Now as as a senior and a retiree living a minimalist but independent-minded life style, at this stage of life I feel that I have little to
lose in my relationship with others by making clear when the occasion presents itself my non-belief in a supreme being, including to fellow members of
the local synagogue that I occasionally attend for social purposes. In fact, overall, here in the Philippines where my wife Lydia and I have resided as expats for over 9
years and which is a
highly religious society, I feel more comfortable as an atheist than I did in
the States . Again, this is likely because I am more in control of my life
than in my earlier years.
It might seem strange, even paradoxical, that I would have this sense of freedom while living in a country which is predominantly and observantly Roman Catholic and which has the world's highest rate of God-believers. Yet there are nascent atheist and humanist organizations that have taken root here. Among them are PATAS, Filipino Free Thinkers, and HAPI. It's no surprise that their membership constitutes a minute fraction of the country's population.
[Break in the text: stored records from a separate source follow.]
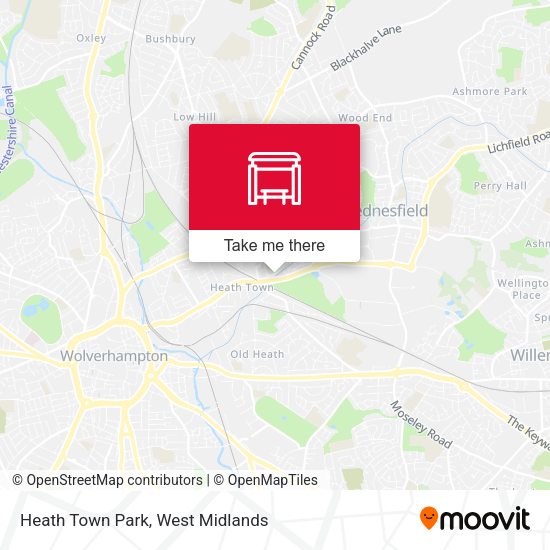 Heath Town Park map
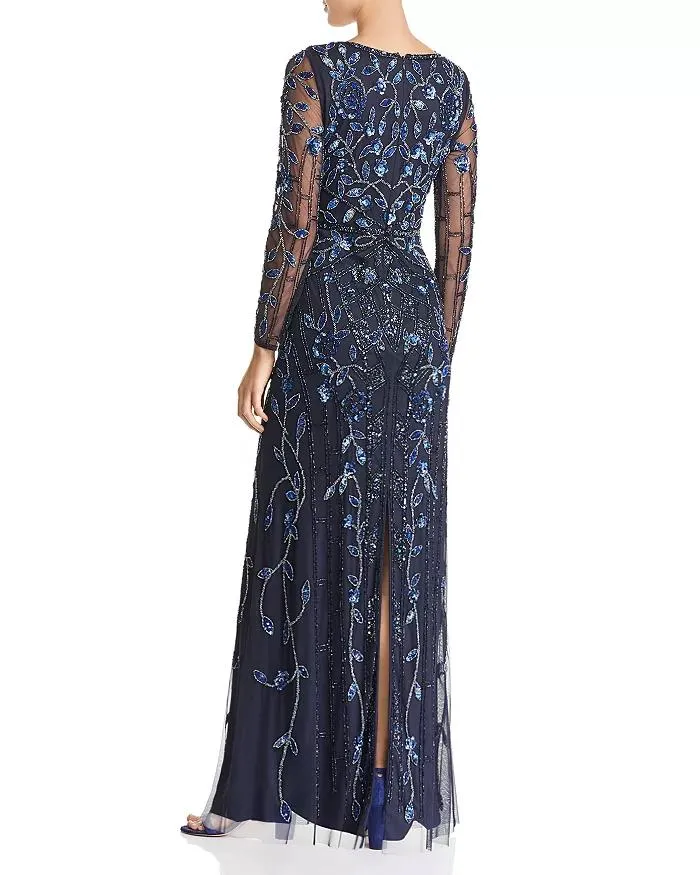 Aidan Mattox - MD1E203314 Embellished Sheer Long Sleeves A-line Dress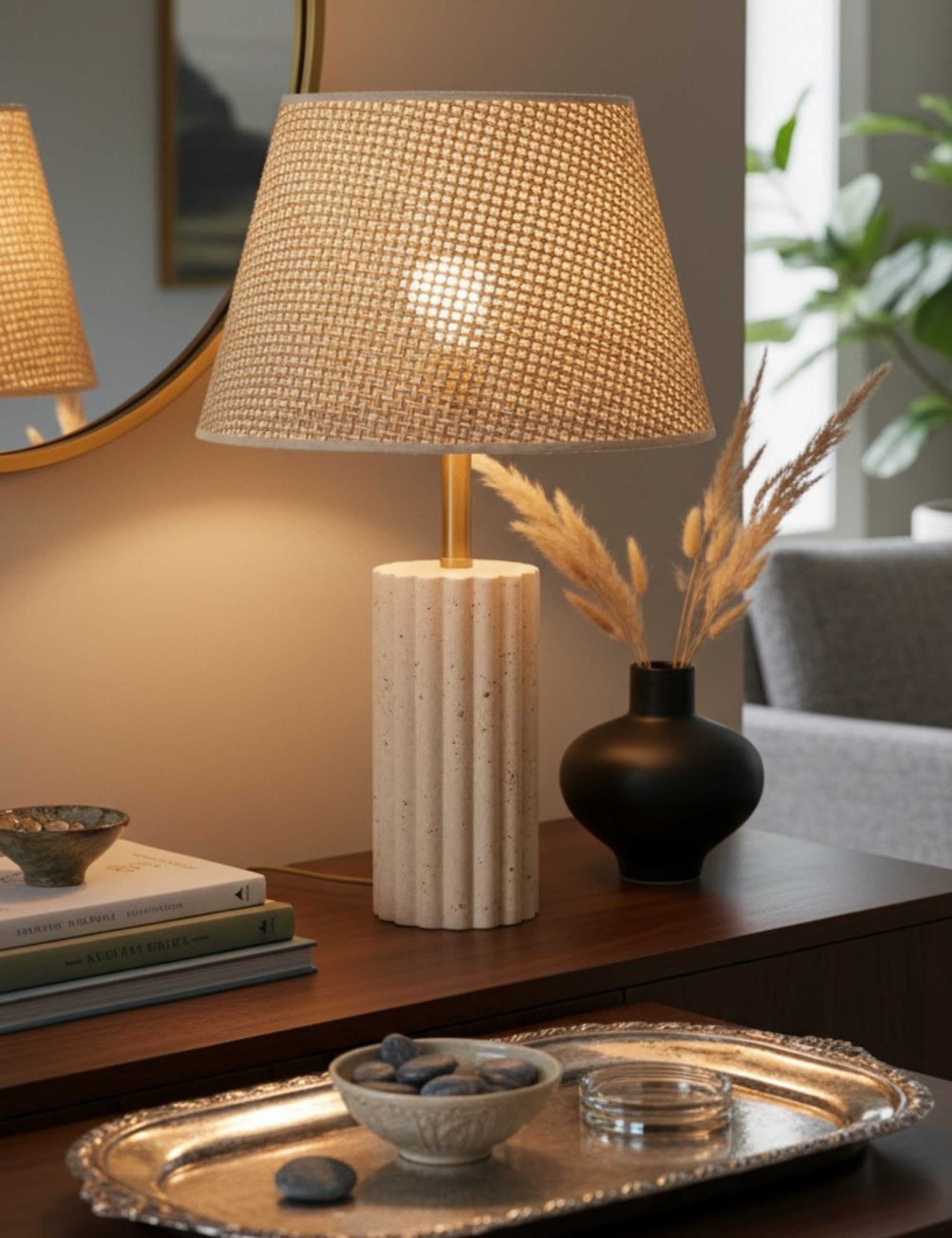 Astra Hasır Şapkalı Traverten Abajur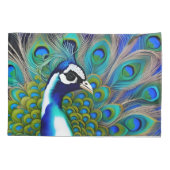 White blue en Green Piebald Peacock Kussensloop (Achterkant)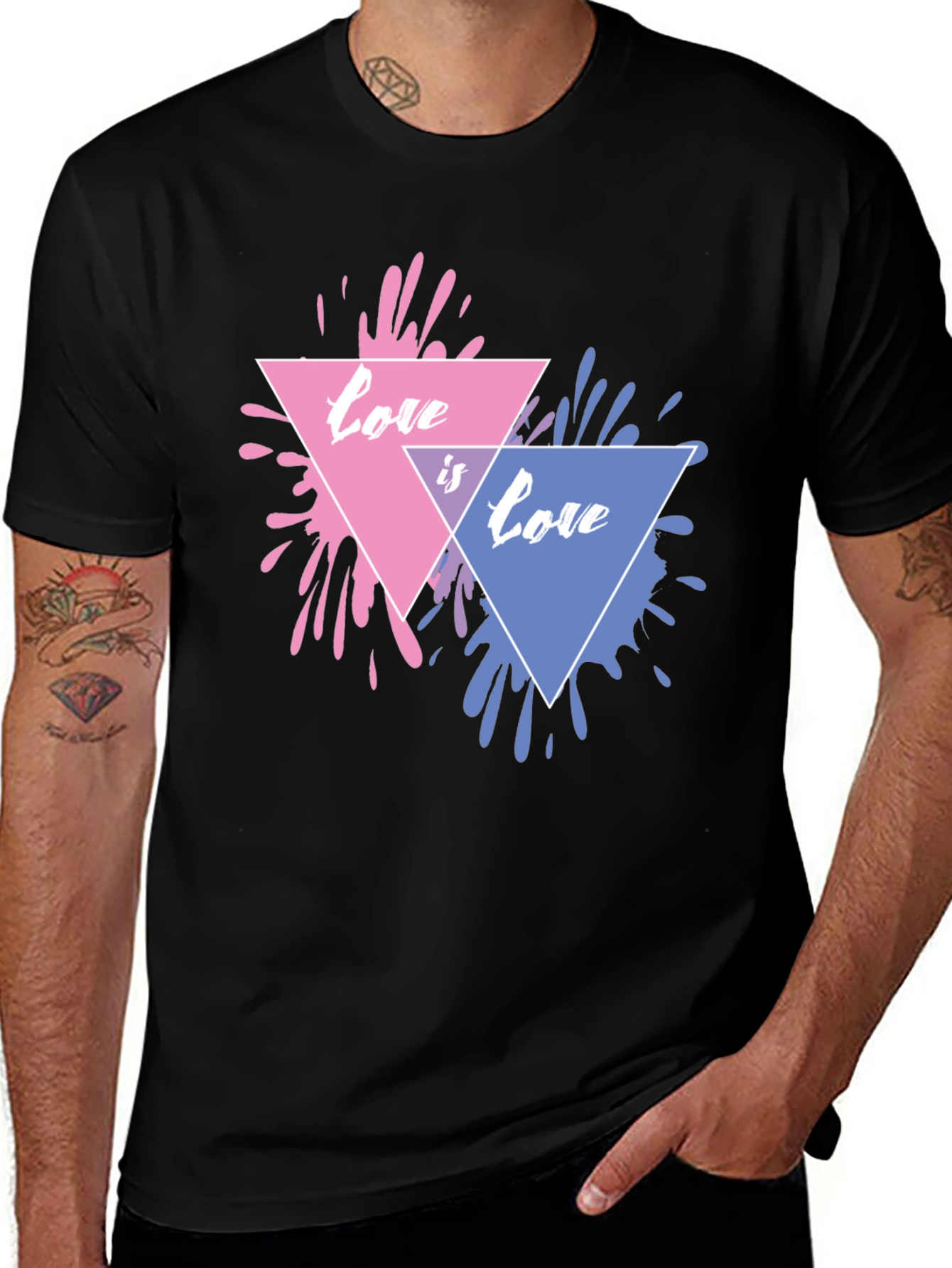 Variant 13 of Love is Love Graphic Tee - Men's Black T-Shirt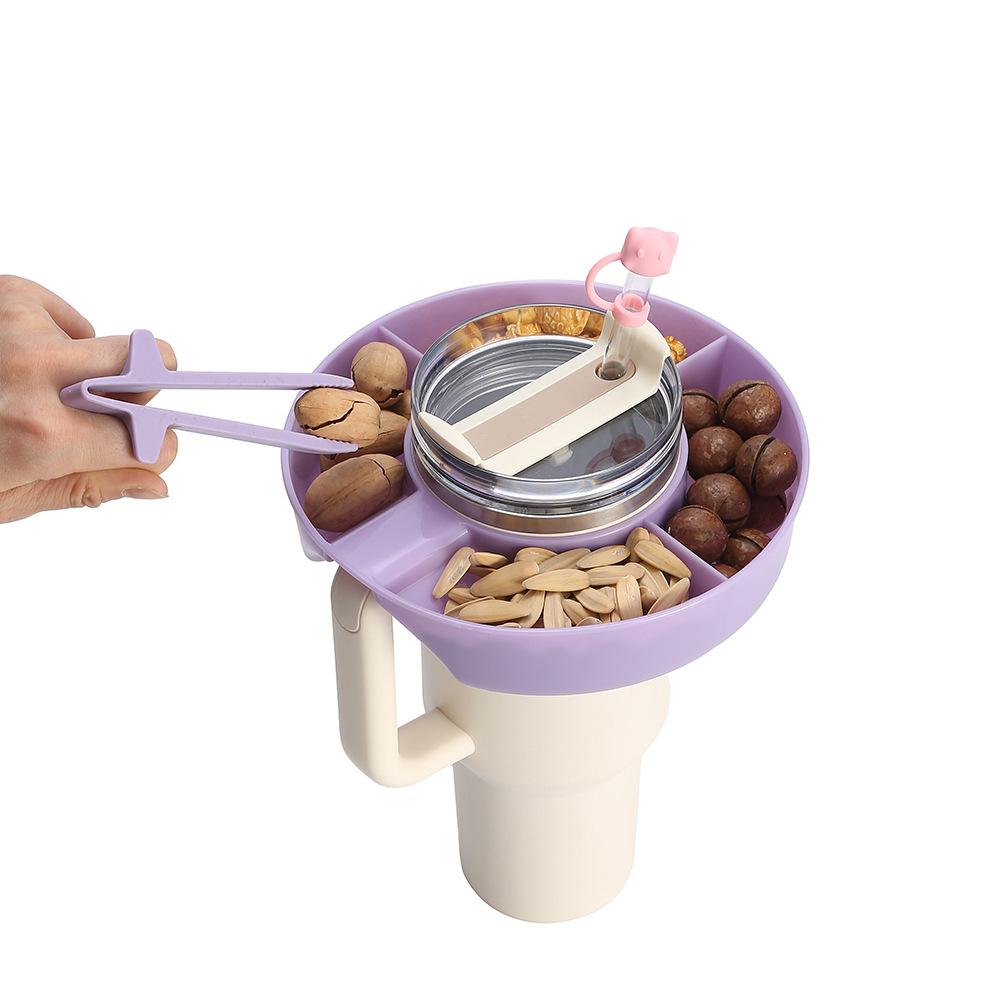 Miska na svačinu Podnos na ovoce a bonbony Nádoba Podnos na jídlo Potravinářský silikon Opakovaně použitelný Kroužek na svačinu Lehký Podnos na bonbony Dávkovač svačin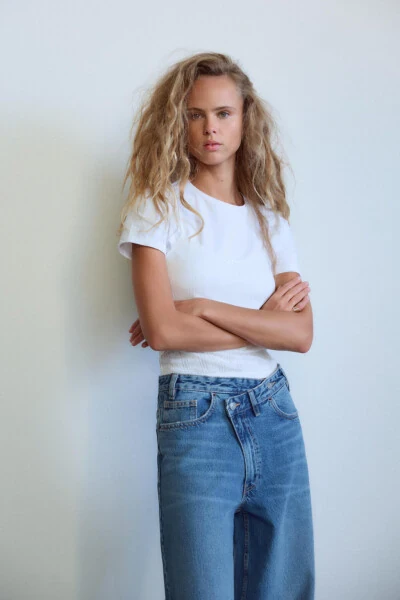 HIGH WAIST CROSSOVER TRF WIDE LEG JEAN-Blue - zara (1)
But the truth is that no one really knows how many atheists there are in the Philippines. This is because many non-believers in this culture of dependency are stuck in the closet for fear of jeopardizing their ties with the members of their circles of interest, which usually include nuclear and extended families and close friends.
It cannot be overemphasized that these relationships are taken very seriously here. Hence, many secret atheists here do not want to risk being forsaken or shunned by coming out. I recall a social media entry by a Filipino who stated that he's a 22 year old closet atheist and wanted to disclose his non-belief to his parents. However, he was afraid that if he do so, they would disown him , and he wanted advice on how to handle the situation. Now, on one level, I can certainly sympathize with his plight. Most people do not want to be turned away from their families. But my response to him was that he needs step up and unashamedly declare his atheism. After all, he's 22, not 12. In other words, he is not a child and has as much right to his convictions and principles as his parents do theirs.
The alternative for this young man and others who share his predicament is to live a lie. But regardless of nationality or culture, when you do that, you are disowning yourself. And that is the worst kind of rejection of all.